Mike Kendall, seorang ahli geofisika dari University of Oxford, menyatakan bahwa hasil riset ini memperlihatkan betapa pentingnya menggabungkan pendekatan geologi dan geofisika untuk memahami gunung berapi secara lebih menyeluruh. Menurutnya, metode serupa bisa diterapkan untuk memantau lebih dari 1.400 gunung berapi yang tersebar di seluruh dunia—terutama yang aktif namun tidak menunjukkan tanda-tanda erupsi yang jelas.
Kendall juga menekankan bahwa banyak gunung berapi aktif di dunia justru tampak “tenang” dari luar, padahal bisa menyimpan potensi erupsi besar. Oleh karena itu, kombinasi teknologi tinggi dan pengamatan terus-menerus sangat dibutuhkan untuk mengidentifikasi risiko sedini mungkin.
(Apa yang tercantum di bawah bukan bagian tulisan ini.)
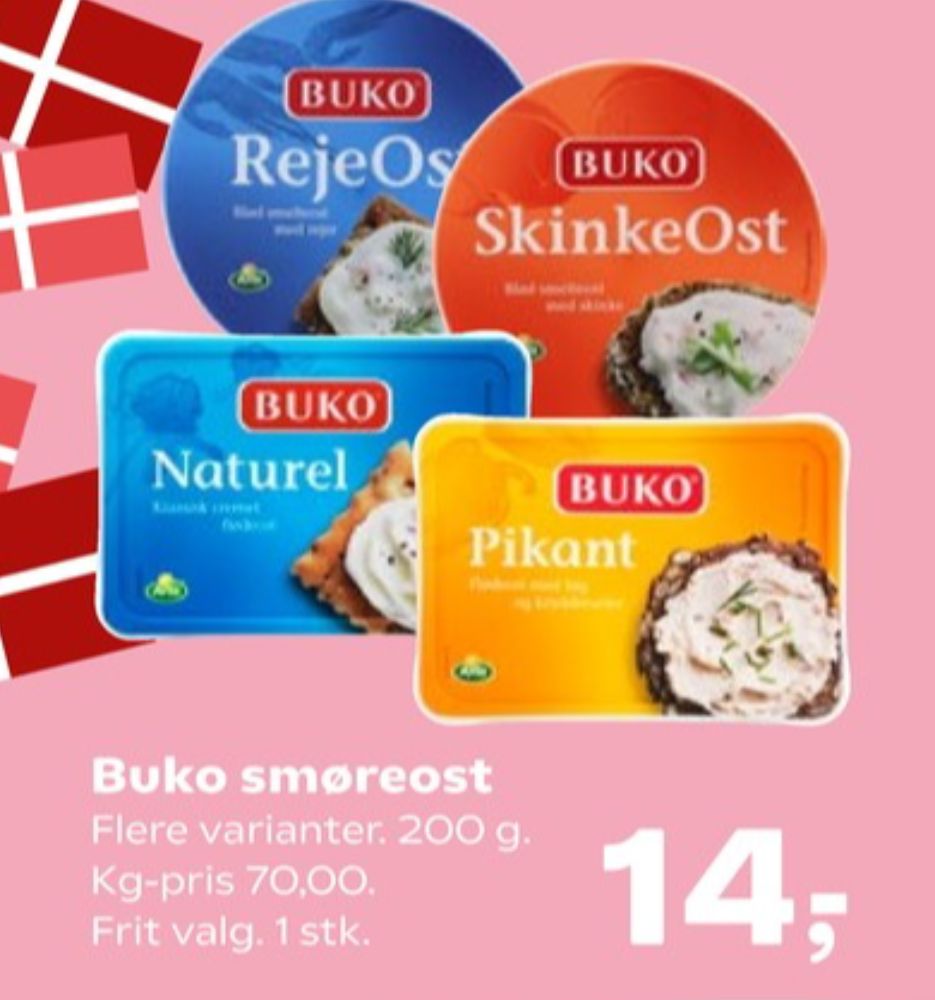 Buko, Flødeost Pikant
Yang membuat Uturuncu semakin mengkhawatirkan adalah fakta bahwa gunung ini berdiri di atas timbunan magma terbesar di kerak Bumi. Ini berarti bahwa jika Uturuncu akhirnya benar-benar meletus, dampaknya bisa sangat merusak, baik dari sisi korban jiwa maupun kerusakan lingkungan dan infrastruktur.
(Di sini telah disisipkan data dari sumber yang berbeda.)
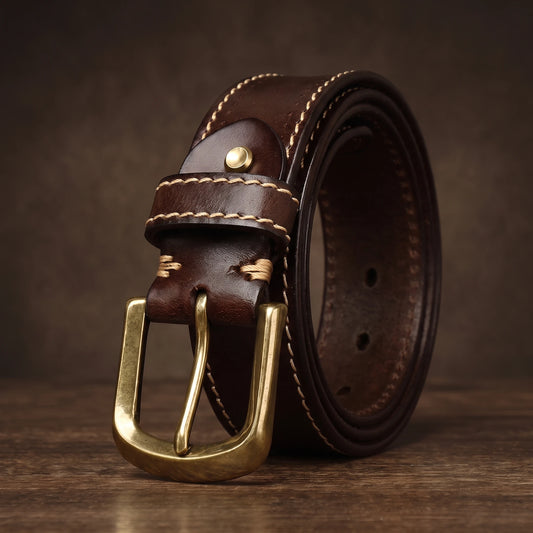 VINTAGE COWHIDE BELT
Para ilmuwan pun tak tinggal diam. Mereka terus memantau tekanan internal, pergerakan tanah, dan aktivitas seismik yang muncul di sekitar Uturuncu. Semua data ini dikumpulkan untuk memprediksi kemungkinan letusan dan memperkirakan skala ancaman yang mungkin ditimbulkan.
Walaupun hingga kini belum ada tanda pasti kapan Uturuncu akan meletus, tetapi aktivitasnya yang terus meningkat menjadi peringatan serius bagi para ahli vulkanologi dan otoritas lokal. Di satu sisi, gunung ini menjadi objek riset yang sangat penting untuk pengembangan teknologi pemantauan gunung berapi. Di sisi lain, keberadaannya juga menjadi potensi ancaman laten yang harus diwaspadai.
Fenomena gunung berapi "zombie" seperti Uturuncu juga membuka diskusi yang lebih luas tentang bagaimana manusia memahami alam. Selama ini, fokus kita sering kali tertuju pada gunung-gunung yang aktif meletus. Namun ternyata, gunung-gunung yang "tertidur panjang" justru bisa menyimpan bahaya yang lebih besar, karena kita cenderung mengabaikannya.